While Lord Cornwallis lay ill of a fever, Lord Rawdon wrote to Major General Leslie in terms of disappointment and despondence. He observed "that events had unfortunately taken place very different from expectation; that the first rumor of an advancing army under General Gates had unveiled a spirit of disaffection of which they could have formed no idea; and even the dispersion of that force did not extinguish the ferment which the hope of its support had raised. This hour, the majority of the inhabitants of that tract between Pedee and the Santee are in arms against us; and when we last heard from Charleston, they were in possession of Georgetown, from which they had dislodged our militia. [See printed correspondence of Generals Clinton, Cornwallis, Rawdon, etc., published in London, 1783.]

While Lord Cornwallis was thus embarrassed and disappointed by various unsuccessful attempts and the defeat of many of his military operations in the Carolinas this year, Sir Henry Clinton made a diversion in the Chesapeake, in favor of His Lordship's designs. A body of about 3000 men was sent on under the command of General Leslie. He was under the orders of Lord Cornwallis; but not hearing from His Lordship for some time after his arrival, he was totally at a loss in what manner to proceed. But some time in the month of October, he received letters from Lord Cornwallis directing him to repair with all possible expedition to Charleston, to assist with all his forces in the complete subjugation of the Carolinas.

Sir Henry Clinton, from an idea that Cornwallis's prime object was the reduction of the Carolinas and sensible of the necessity at the same time of solid operations in Virginia, paid all proper attention to the expedition into the Chesapeake. After General Leslie, in obedience to the orders of Lord Cornwallis, had marched to the southward, the command of the armament in Virginia was given to General Arnold, who now acted under the orders of Sir Henry Clinton. In consequence of his defection, he had been advanced to the rank of a Brigadier General in the British army.

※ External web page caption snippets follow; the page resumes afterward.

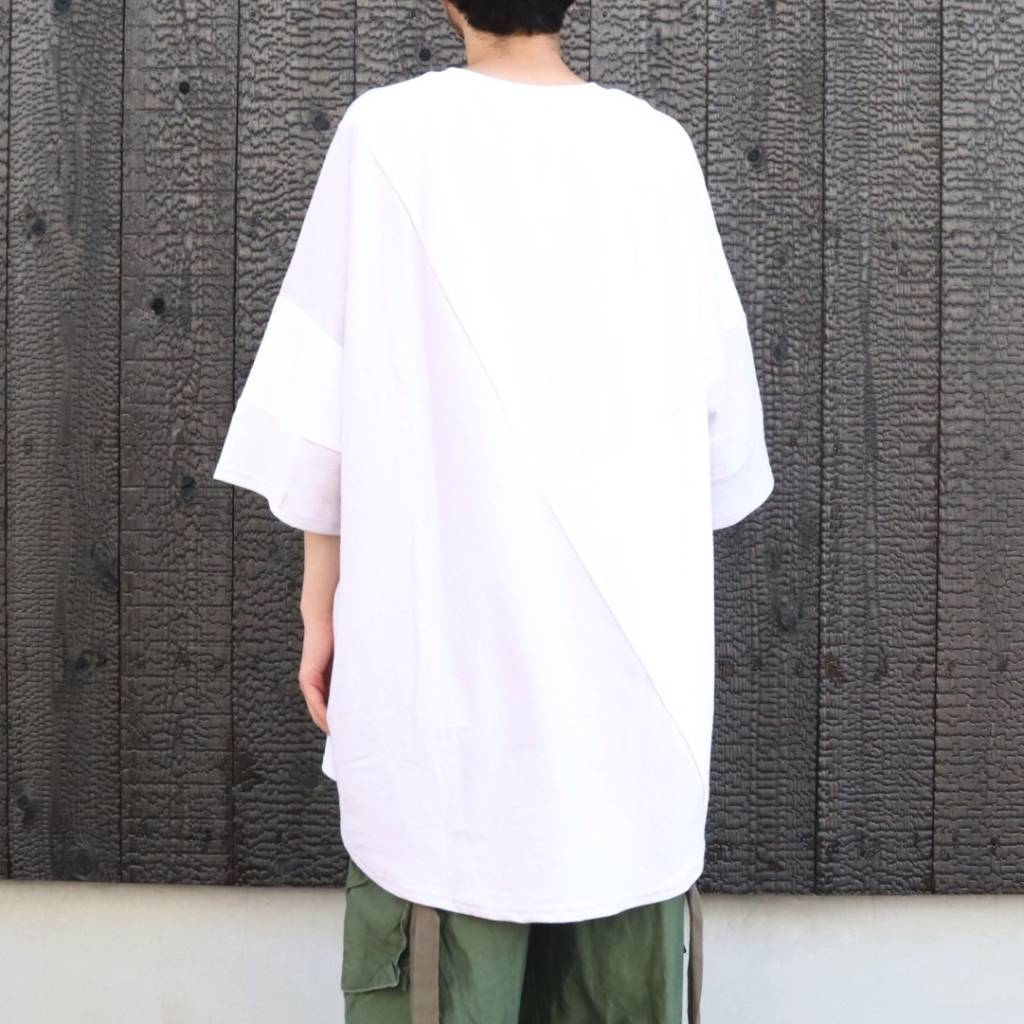 PUZZLE TEE C #WHITE [C2647909C]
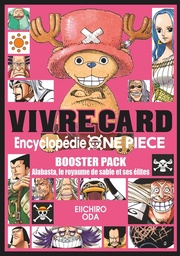 One Piece - Vivre Card - Saison 01 - T06 - Alabasta, le royaume de sable et ses élites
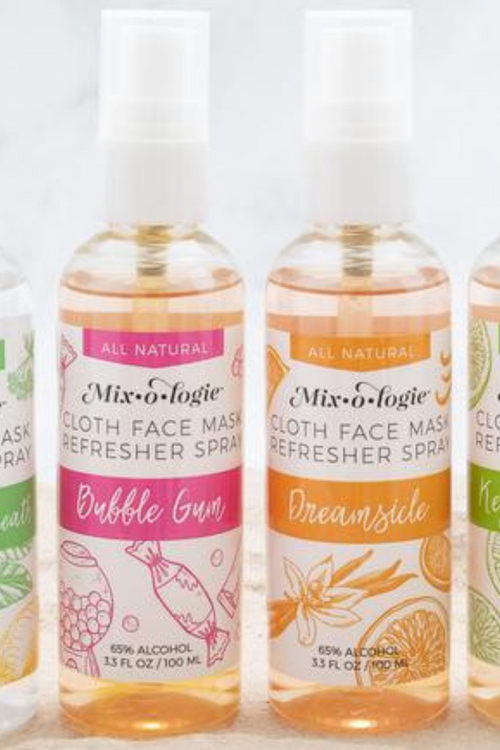 Mixologie Face Mask Refresher Spray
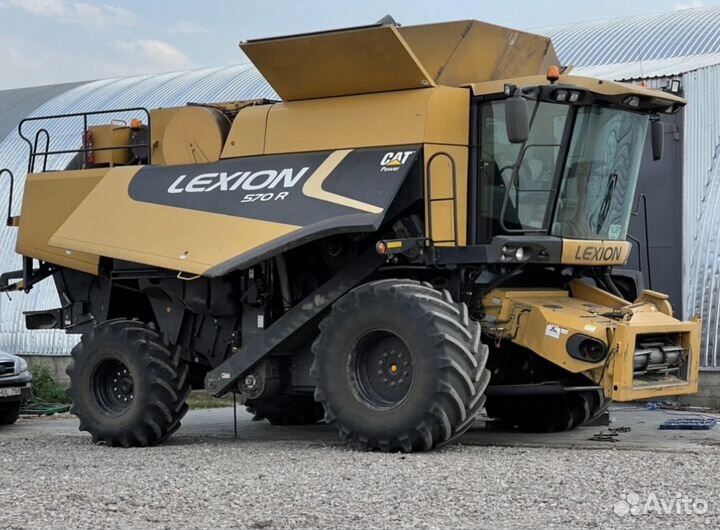 Комбайн Claas Lexion, 2009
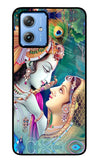 Lord Radha Krishna Moto G64 5G Glass Case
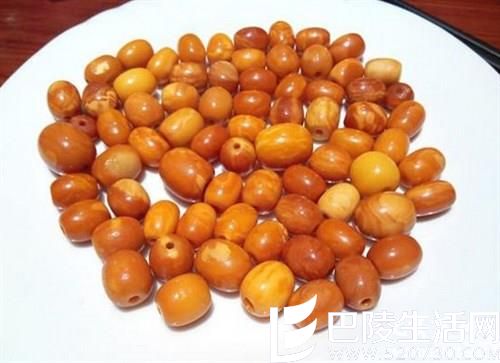 鉴别老蜜蜡手链真假图片分析（独家）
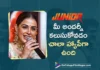 Genelia Says, I'm Very Happy to Meet Telugu Audience With Junior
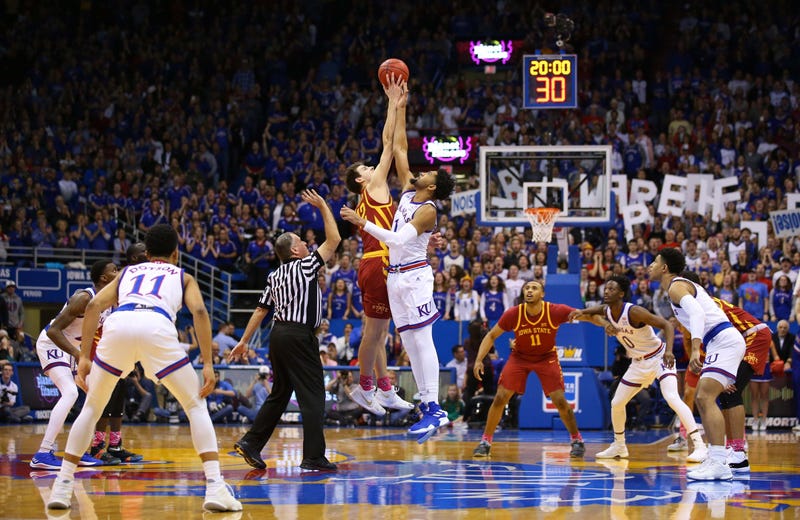 Iowa State at Kansas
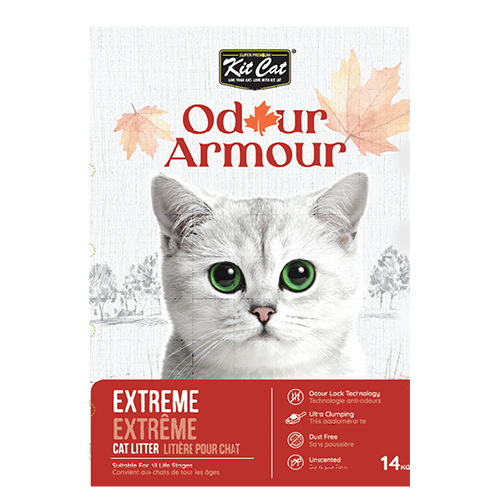 Kit Cat Odour Armour Extreme Cat Litter 14kg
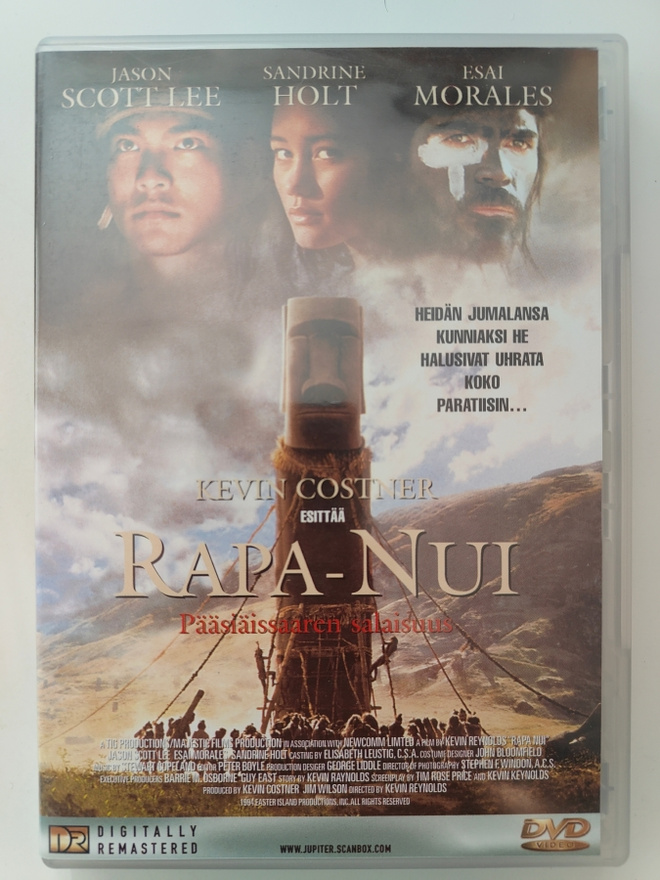 Rapa-Nui, Pääsiäissaaren salaisuus - DVD
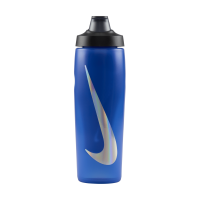 Nike Refuel-vandflaske med låselåg (710 ml) - blå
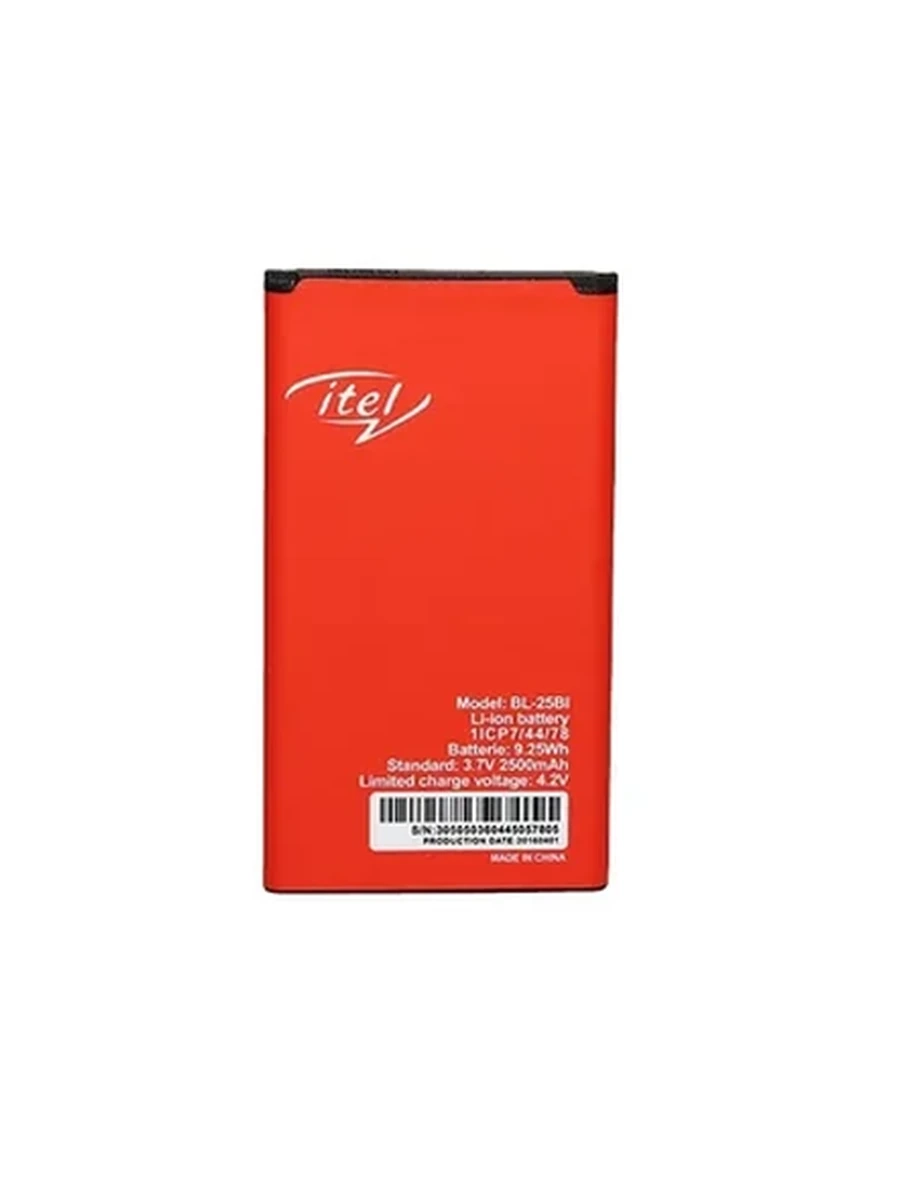 Батарея Itel BL-25BI A48/A55/S15Pro/S33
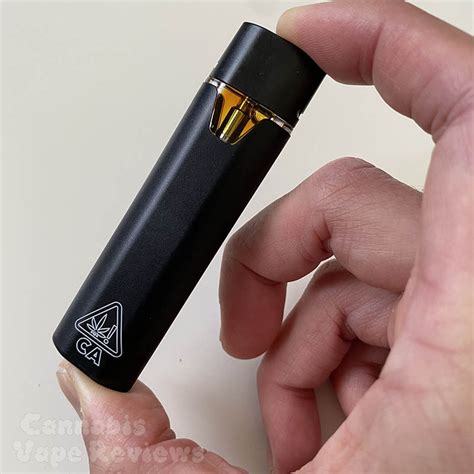 Stiiizy Disposable Vape Pen Cannabis Vape Reviews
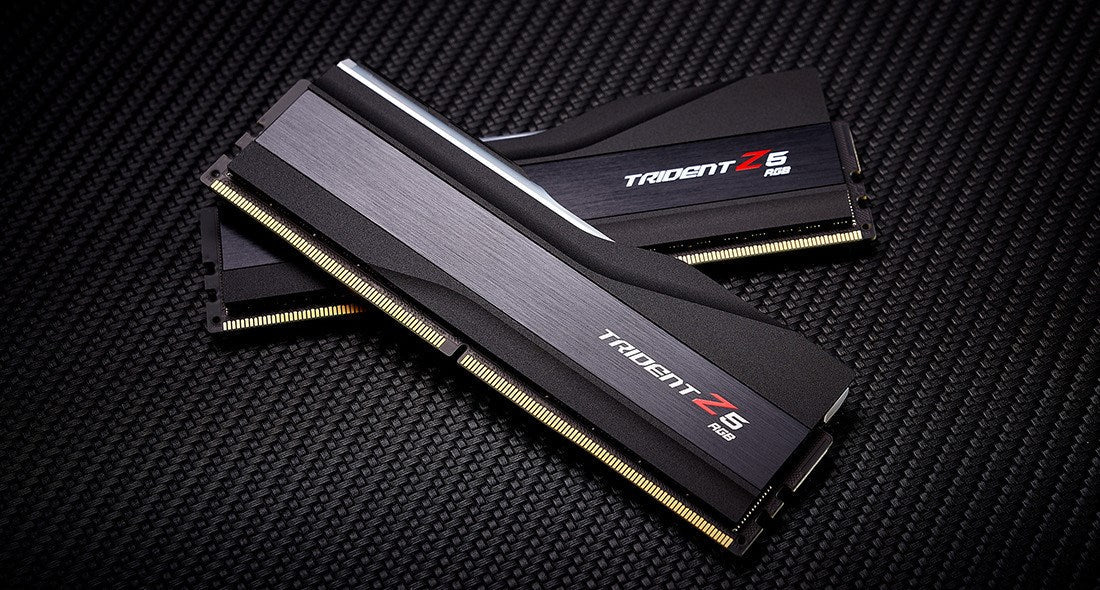 G.Skill Trident Z5 RGB F5-6800J3445G32GX2-TZ5RK memory module 64 GB 2 x 32 GB DDR5 6800 MHz - DIMM (DDR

General Arnold had recently deserted the American cause, sold himself to the enemies of his country, and engaged in their service. He was a man without principles from the beginning; and before his defection was discovered, he had sunk a character raise by impetuous valor, and some occasional strokes of bravery, attended with success without being the possessor of any intrinsic merit.

He had accumulated a fortune by great crimes, and squandered it without reputation, long before he formed the plan to betray his country and sacrifice a cause disgraced by the appointment of a man like himself to such important trusts. Proud of the trappings of office, and ambitious of an ostentatious display of wealth and greatness (the certain mark of a narrow mind) he had wasted the plunder acquired at Montreal, where his conduct had been remarkably reprehensible; and had dissipated the rich harvest of peculation he had reaped at Philadelphia,where his rapacity had no bounds.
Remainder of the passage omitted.